Wer oder was sollte glaubwürdiger, verlässlicher, belastbarer sein als ein Gott, der da anfängt, wo auch wir anfangen, aber da nicht aufhört, wo unsere Möglichkeiten und Kräften enden. Und der sich selbst da nicht von seiner Nähe und Verlässlichkeit abbringen lässt, wo die finsteren Kräfte in den Menschen voll entbrennen und ihn - Gott - selbst treffen, verraten und ans Kreuz bringen. Mag die Liebe Gottes in der Realität dieser Welt am Kreuz scheitern, indem Gott die Beziehung zu dem gekreuzigten Jesus durch den Tod hindurch aufrecht erhält und ihn am Ostermorgen von den Toten auferweckt, hat er gezeigt, dass er ein Gott des Lebens ist, der da, wo wir nur Tod und Verderben sehen, neues Leben schafft.
In dieser Perspektive, im Blick durch das Leiden hindurch auf Ostern, kann Paulus sagen: "Gelobt sei Gott, der Vater unseres Herrn Jesus Christus, der Vater der Barmherzigkeit und Gott allen Trostes, der uns tröstet in aller unserer Trübsal" (2. Kor 1,3.4a). Damit hört das Leiden nicht einfach auf, damit sind die Brüche in der Lebensgeschichte nicht geheilt, damit sind die Trennungen zwischen den Kirchen nicht überwunden, aber uns wird hier ein Lebensgrund angeboten, der durch nichts und niemanden mehr zerstört werden kann: Gott selber sorgt für uns. Wir müssen nicht alles alleine meistern. Wir dürfen auf Gottes Fürsorge und Beistand vertrauen. Das Entscheidende liegt bei ihm. Und das Entscheidende ist, dass - so wie es der Apostel Paulus sagt -, uns nichts mehr "scheiden kann von der Liebe Gottes, die in Christus Jesus ist, unserm Herrn." (Röm 8,39) Von daher dürfen wir in dem Vertrauen leben: Ja, es gibt Trost und Halt im Leiden. Ja, es gibt Licht in der Finsternis. Ja, "wir sind von allen Seiten bedrängt, aber wir ängstigen uns nicht." (2. Kor 4,8)

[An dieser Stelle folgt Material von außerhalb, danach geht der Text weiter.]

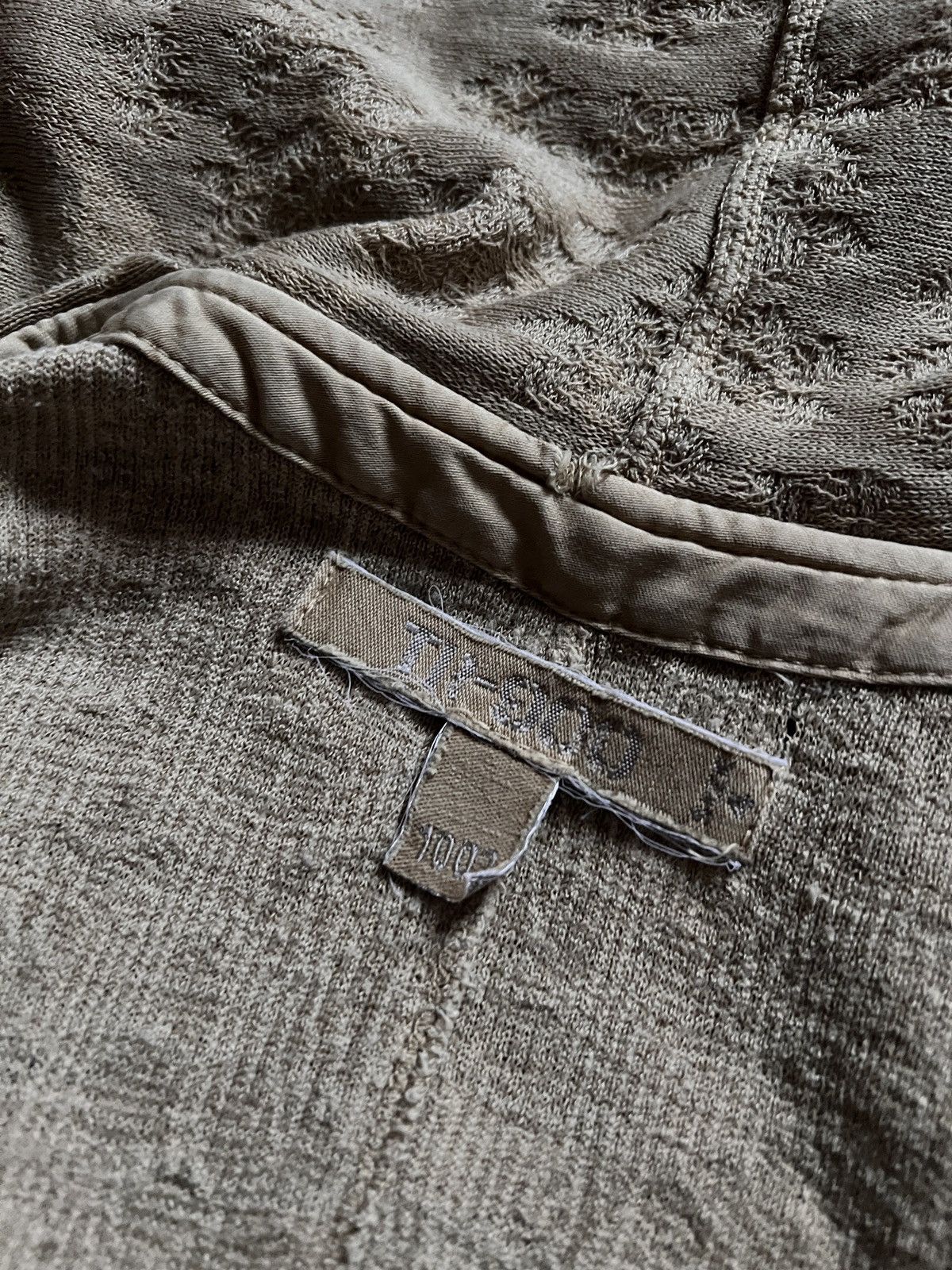 Transit Transit Par Such Linen Beige Long Cardigan Bohemian Style Size L / US 10 / IT 46 - 11 Thumbnail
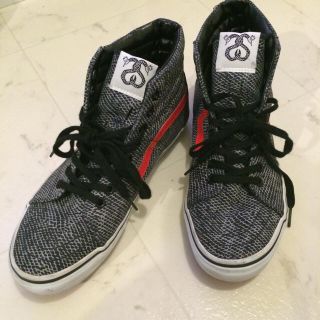 ステューシー(STUSSY)のSTUSSY×VANSコラボスニーカー！(スニーカー)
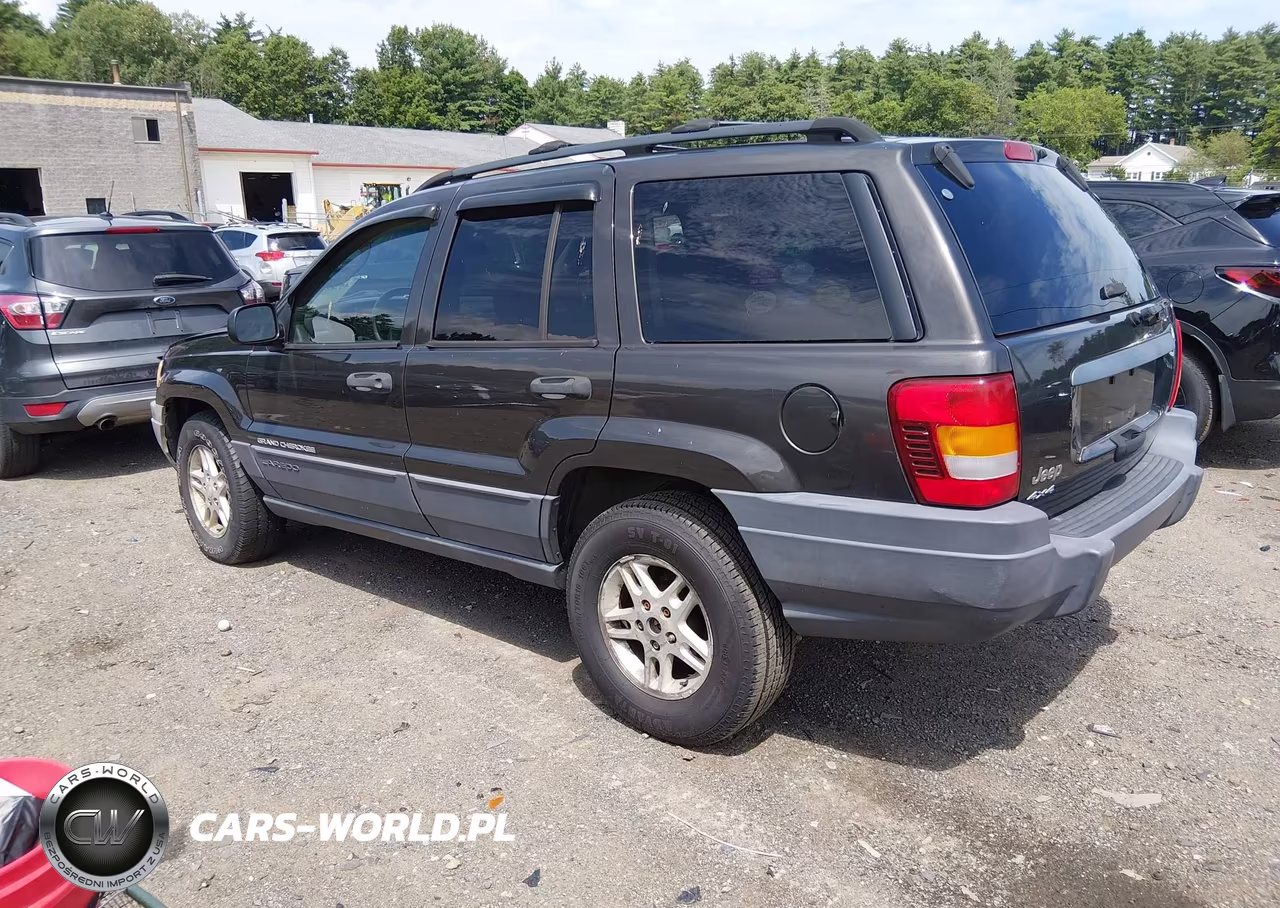 2004 Jeep Grand Cherokee Laredo VIN:1J4GW48S34C377866 - 3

Das ist die Grundhaltung des Glaubens, die uns von Gott an Weihnachten ermöglicht wird und deren Gültigkeit er durch Ostern ein für allemal bestätigt hat und deren Wirklichkeit mitten in der Passionszeit am heutigen Sonntag in besonderer Weise aufleuchtet. Diesen Glauben gefunden zu haben, das erfüllt mit Zuversicht, Lebensmut und Freude, die nicht abhängig sind von glücklichen Lebensumständen, sondern die auch dann noch Bestand haben, wenn all das wegbricht, was unser Leben schön und angenehm macht.

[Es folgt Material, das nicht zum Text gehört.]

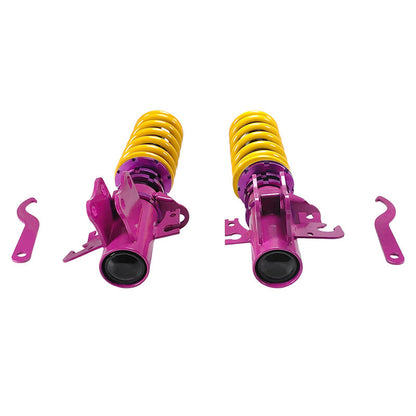 Pair Front Coilover Kit Twin Tube Fit For Holden Commodore VY VT VX VZ 1997-2007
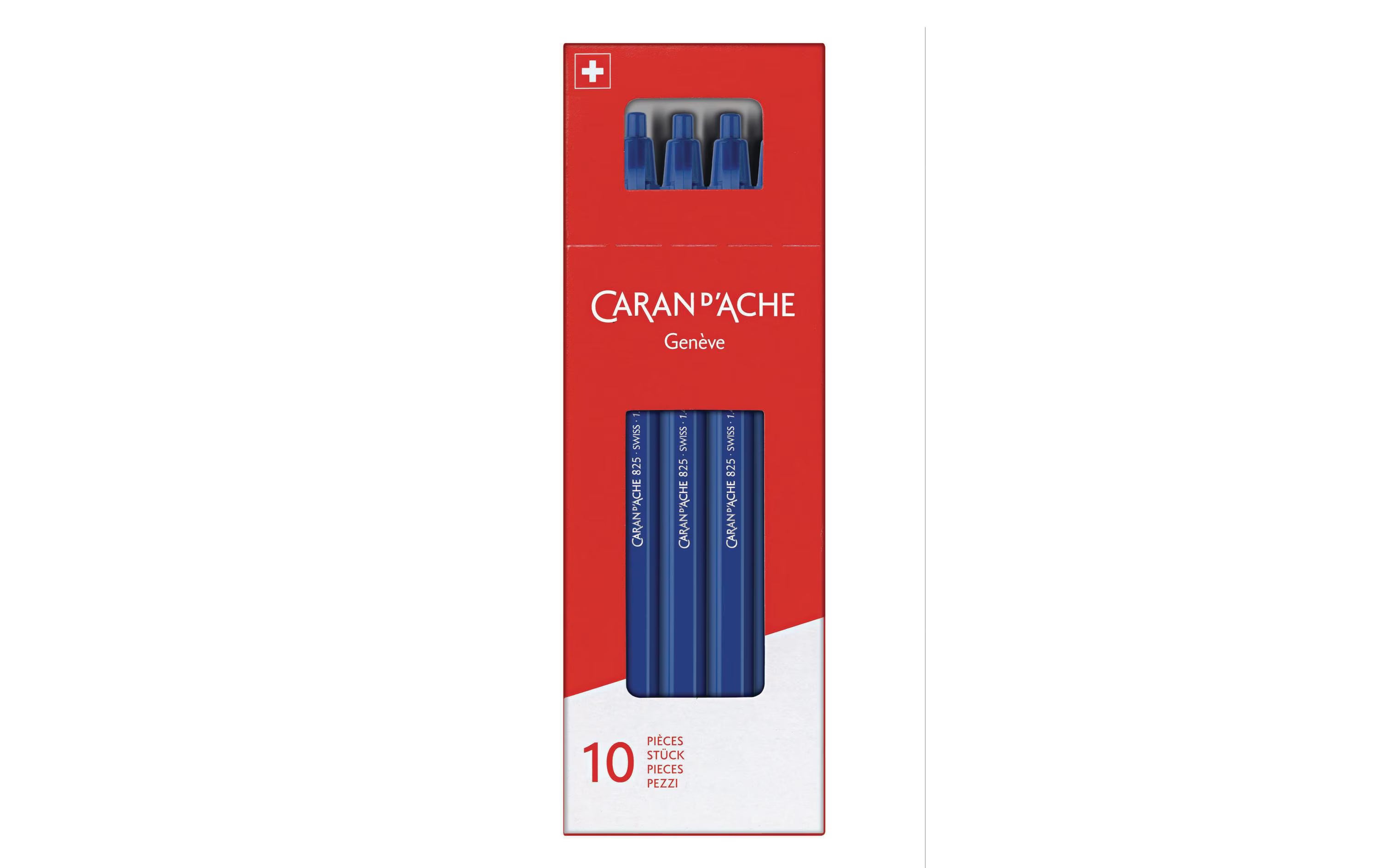 Caran d'Ache 825 Kugelschreiber blau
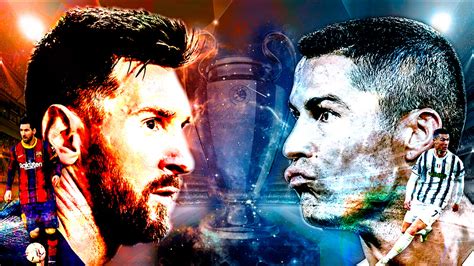 Barcelona vs Juventus | Champions League: Lionel Messi vs Cristiano ...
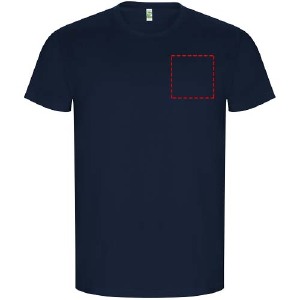 parte izquierda del pecho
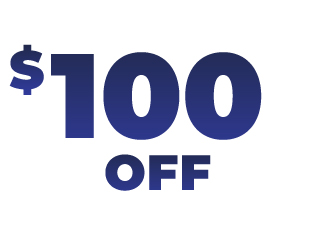 Save $100 deal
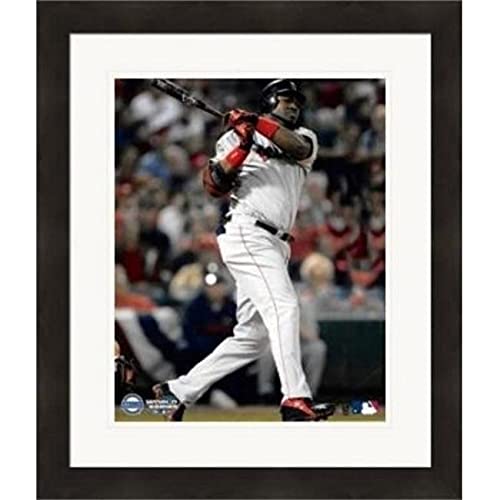 Autograph Warehouse 410417 David Ortiz Photo Size 8 x 10 in. Boston Red Sox Big Popi Unsigned No.5 2004 World Series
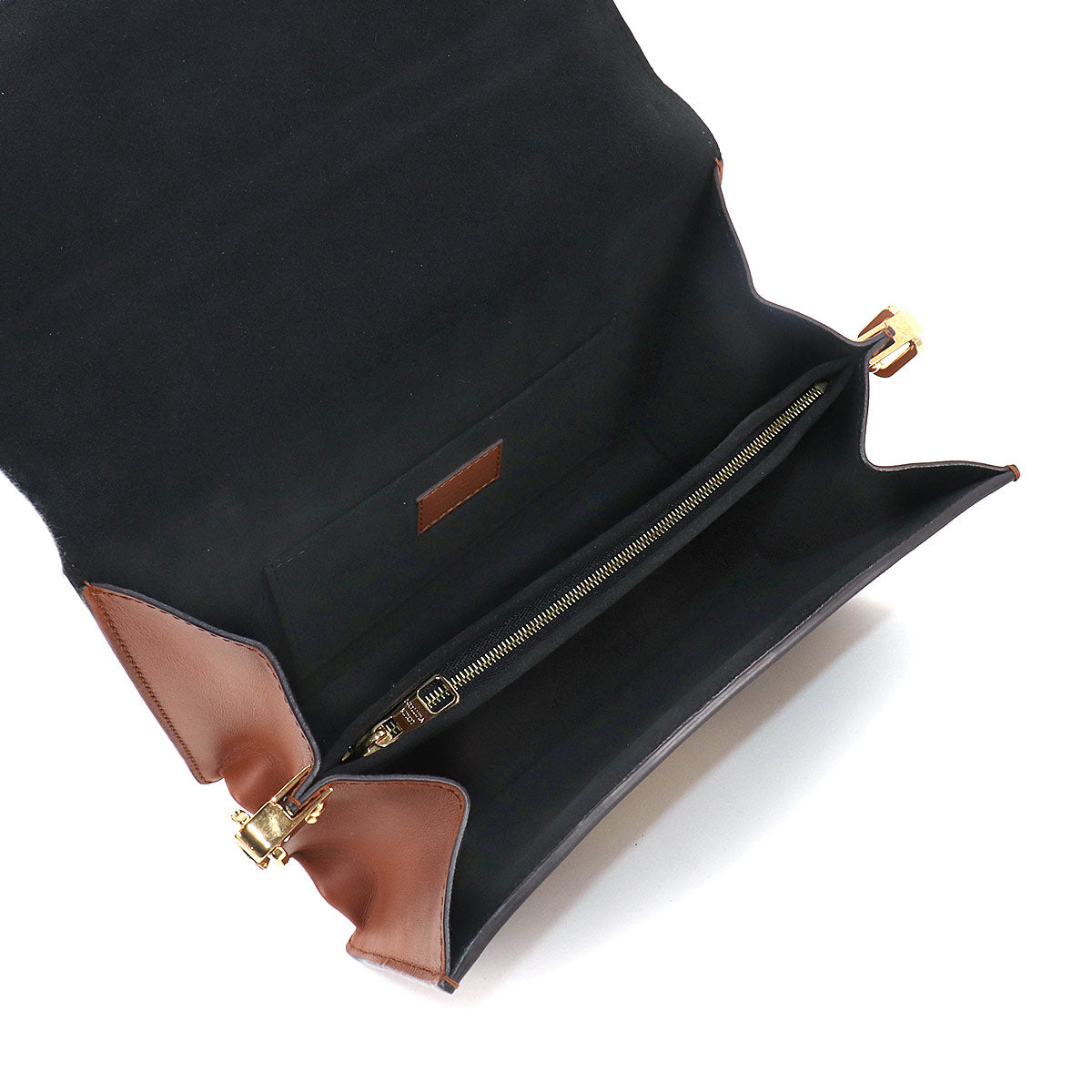 Louis Vuitton Monogram Reverse Dauphine Shoulder Bag Brown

Und dieser Glaube will und kann nicht bei sich selbst bleiben. Er will ausstrahlen auf andere, er will mitgeteilt, mit anderen geteilt werden, auf das auch sie gestärkt und zuversichtlich ihren Lebensweg gehen können. Der Apostel Paulus bringt es auf den Punkt, wenn er von dem "Gott allen Trostes" spricht, "der uns tröstet in aller unserer Trübsal, damit wir auch trösten können, die in allerlei Trübsal sind, mit dem Trost, mit dem wir selber getröstet werden von Gott." (2. Kor 1,4)

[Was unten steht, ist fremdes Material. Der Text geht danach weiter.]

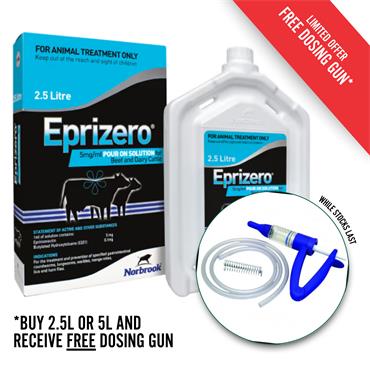 Eprizero Pour-On (Eprinomectin)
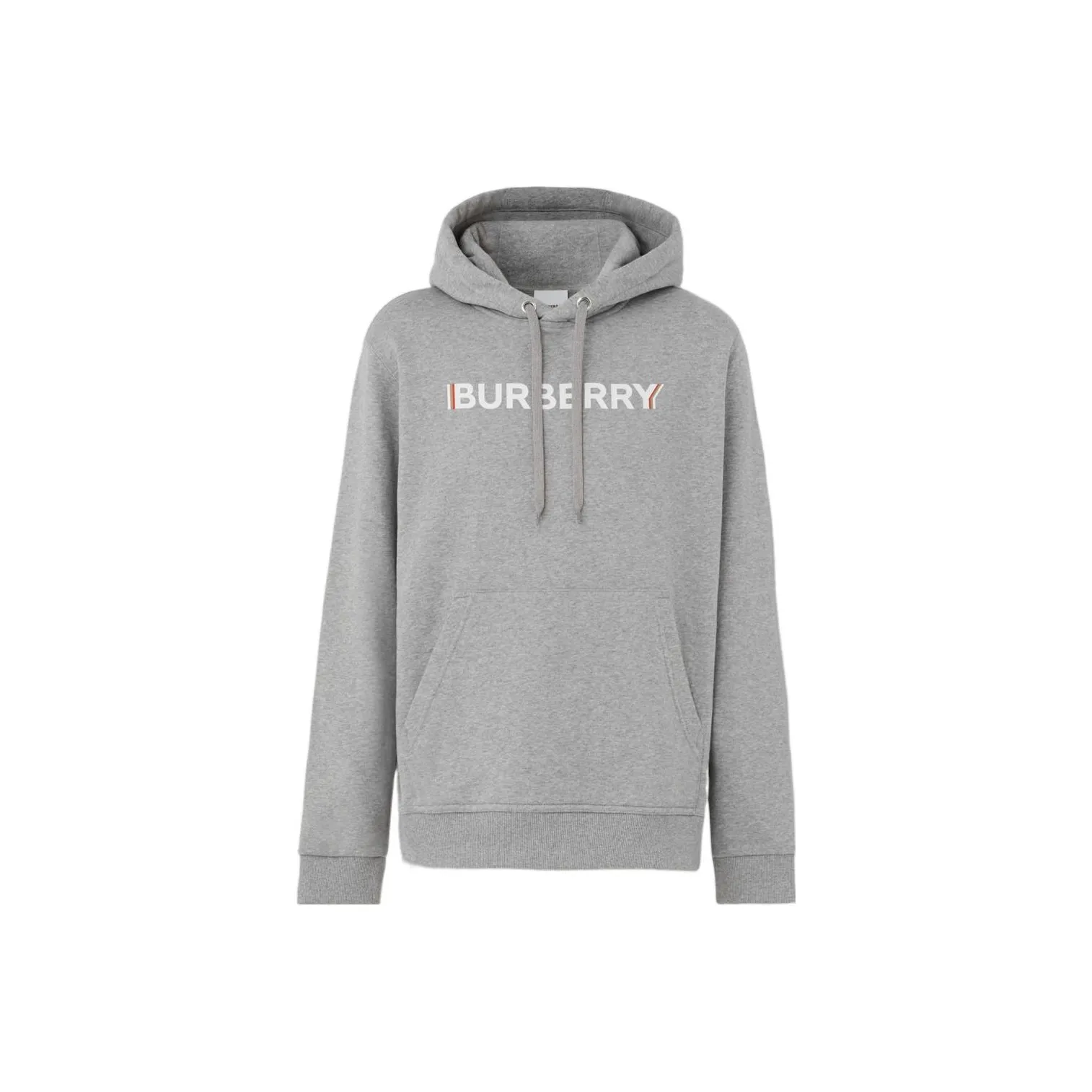 Burberry Logo Print Cotton Hoodie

Das ist ganz entscheidend. Den Trost, den Paulus erfahren hat, gibt er weiter und fordert seine Gemeinde auf, ebenfalls zu trösten. Auf dem Weg mit Jesus Christus, gemeinsam unterwegs in seiner Nachfolge sind wir Christen vom Apostel Paulus angehalten, nicht nebeneinander herzugehen, sondern miteinander. Aufeinander zu achten. Füreinander da zu sein. Lasten tragen zu helfen, wo dem anderen die Kräfte schwinden und einander in der Trübsal zu stärken "mit dem Trost, mit dem wir selbst getröstet werden von Gott." (2. Kor 1,4a) Wo wir so miteinander umgehen, wo wir im Leiden füreinander da sind und die Freude im Glauben miteinander teilen und feiern, da wird dies auch ein grundlegender Schritt dazu sein, die Einheit, von der wir leben, sichtbarer und wirksamer werden zu lassen. Die Leiden und Bedrängnisse werden bleiben - aber wir bewegen uns anders in ihnen, weil sie zwar noch da sind, wir uns aber in unserem Glauben, in der Perspektive dieses Sonntags, von "Klein-Ostern" her, das mit der Gleichzeitigkeit von Leiden und Freude gleichsam für unser Leben als Christenmenschen steht, uns in allem gehalten und getragen wissen dürfen von der Hoffnung des Apostel Paulus, dass "wie die Leiden Christi reichlich über uns kommen, so werden wir auch reichlich getröstet durch Christus." (2. Kor 1,5) Darum: "Sing, bet und geh auf Gottes Wegen, / verricht das Deine nur getreu / und trau des Himmels reichem Segen, / so wird er bei dir werden neu. / Denn welcher seiner Zuversicht / auf Gott setzt, den verläßt er nicht." (EG 369,7) Amen.

"Und der Friede Gottes, der höher ist als alle Vernunft, bewahre Eure Herzen und Sinne in Christus Jesus." Amen.